There is no doubt that today’s mass production has accomplished more than just increasing efficiency. It has sliced up tasks into simpler and smaller components to the point where one little job could be performed repeatedly every single day without any thought or even knowledge. It is hard to imagine a time many years ago, when our shoes were actually created by hand, and it took the skills of one knowledgeable person who then constructed the whole shoe. And then over time, literally hundreds of workers got involved in the making of a shoe. Each person was unskilled, but repeated one single task required in making the shoe and all of them collectively make hundreds, if not thousands of shoes every single day.

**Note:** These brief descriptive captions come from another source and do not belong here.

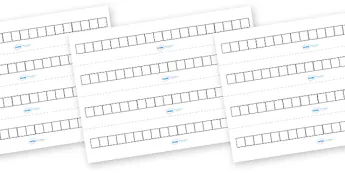Number Track Math Recovery Mathematics Number Track โข Twinkl.com.au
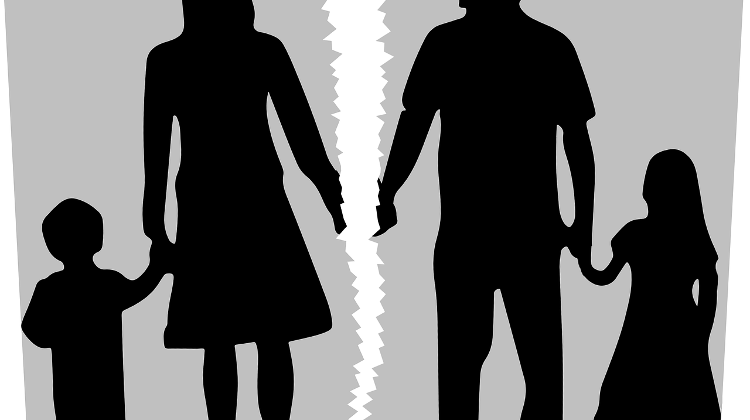 Hungary to Liberalise Child Custody Laws on Joint Parenting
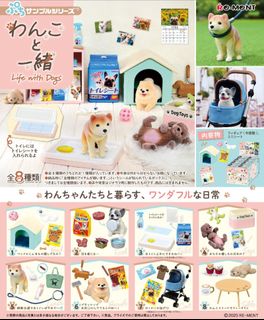 （分類：）位於 。 由 akindo05 提交（商品編號 1429364484，圖片 1）。簡介： 。
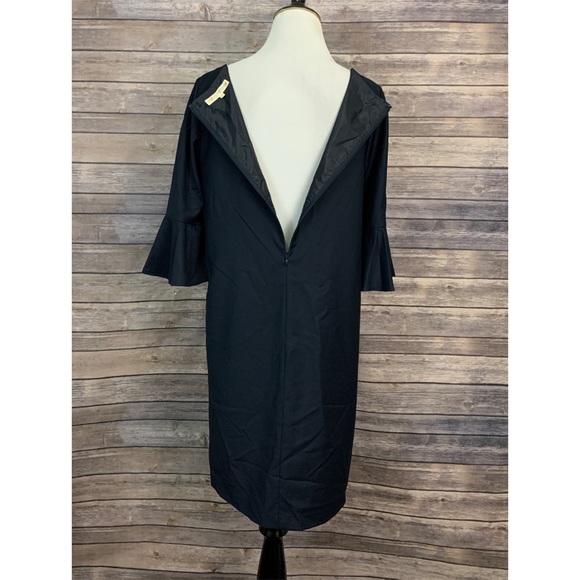 Beams Heart Dress - Picture 4 of 10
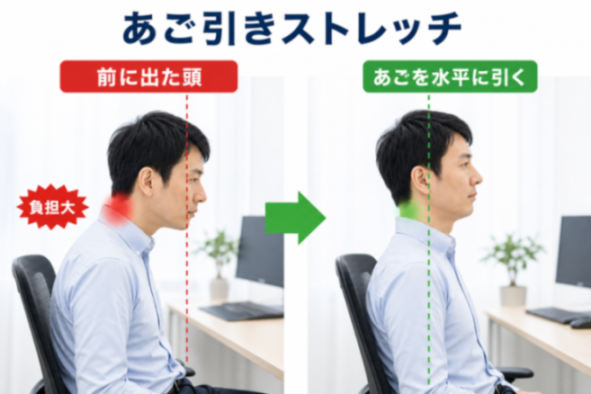 コンテンツ画像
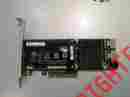 Aoc-saslp-h8ir Smc1078 Supermicro Sas Sata 8port Raid Adapter 512mb 3gb S Lsi 1078 Bbu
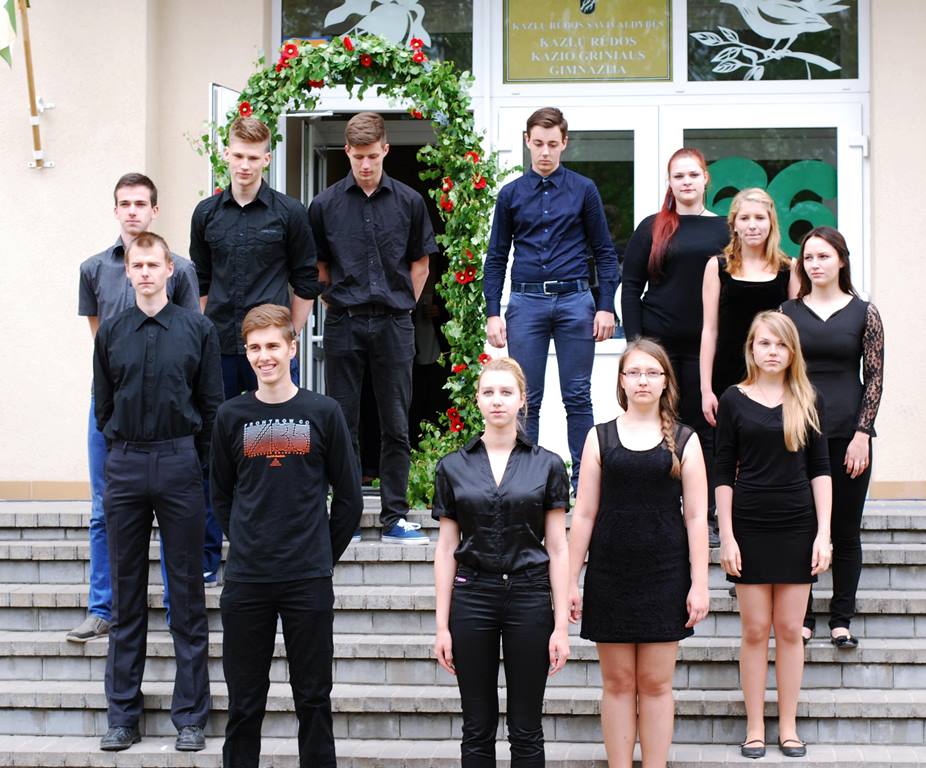 dsc_1731.jpg dsc_1731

Retooling Our Education Systems

The promotion of automating humans really should end. No doubt that we are faced with an automated world, but our education systems must be retooled and restructured to teach our children how to think for themselves instead teaching them what to think. Generation after generation goes through the motion of memorizing facts that do not really add much value to the world.  

The challenge should not be who can store the most information, but who can process that information properly or better yet, creatively. The information itself is not the issue; the issue is to learn what to do with the information. We need to become teachers of curiosity, creativity, critical thinking, problem-solving, and analytical thinking. Cultivating a passion for learning itself is very vital to the transition from the industrial age over to the automation age. Our children must discover ways to collaborate and empathize along with other human beings. Being human should not be someone by themselves performing a single task, they should be a part of humanity and making contributions in an infinite number of ways.

So when people begin discussing the future of their work, they are usually referring to the future of their paid labor. But it is very important that in the future, all forms of work must be recognized. Such as when someone decides to edit Wikipedia, they are making a contribution for the great good of society. This work is just as important as paid work.

This is why society would improve if everyone could receive an unconditional base income such as cash stipends that would start each person over the poverty limit every month. This could be a major component of future work. This way, as paid work becomes automated, humans will be to focus more work that needs to be done.